YOUR OBJECTIVE |
The data should be printed in full, character for character.

*** Begin section ***

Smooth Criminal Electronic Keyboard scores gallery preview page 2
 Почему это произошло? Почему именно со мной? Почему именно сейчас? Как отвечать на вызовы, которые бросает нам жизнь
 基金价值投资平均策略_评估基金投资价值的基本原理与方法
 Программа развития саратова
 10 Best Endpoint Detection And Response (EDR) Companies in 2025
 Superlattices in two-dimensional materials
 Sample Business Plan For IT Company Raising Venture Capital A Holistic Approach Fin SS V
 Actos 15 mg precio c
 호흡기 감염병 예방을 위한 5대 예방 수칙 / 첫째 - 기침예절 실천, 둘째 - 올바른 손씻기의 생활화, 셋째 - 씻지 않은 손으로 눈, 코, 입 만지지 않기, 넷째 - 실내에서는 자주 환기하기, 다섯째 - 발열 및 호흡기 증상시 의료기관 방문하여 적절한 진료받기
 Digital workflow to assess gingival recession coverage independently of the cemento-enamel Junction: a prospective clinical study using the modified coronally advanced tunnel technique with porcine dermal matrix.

*** End section ***

ANSWER TO THE EXERCISE |
Smooth Criminal Electronic Keyboard scores gallery preview page 2
 Почему это произошло? Почему именно со мной? Почему именно сейчас? Как отвечать на вызовы, которые бросает нам жизнь
 基金价值投资平均策略_评估基金投资价值的基本原理与方法
 Программа развития саратова
 10 Best Endpoint Detection And Response (EDR) Companies in 2025
 Superlattices in two-dimensional materials
 Sample Business Plan For IT Company Raising Venture Capital A Holistic Approach Fin SS V
 Actos 15 mg precio c
 호흡기 감염병 예방을 위한 5대 예방 수칙 / 첫째 - 기침예절 실천, 둘째 - 올바른 손씻기의 생활화, 셋째 - 씻지 않은 손으로 눈, 코, 입 만지지 않기, 넷째 - 실내에서는 자주 환기하기, 다섯째 - 발열 및 호흡기 증상시 의료기관 방문하여 적절한 진료받기
 Digital workflow to assess gingival recession coverage independently of the cemento-enamel Junction: a prospective clinical study using the modified coronally advanced tunnel technique with porcine dermal matrix.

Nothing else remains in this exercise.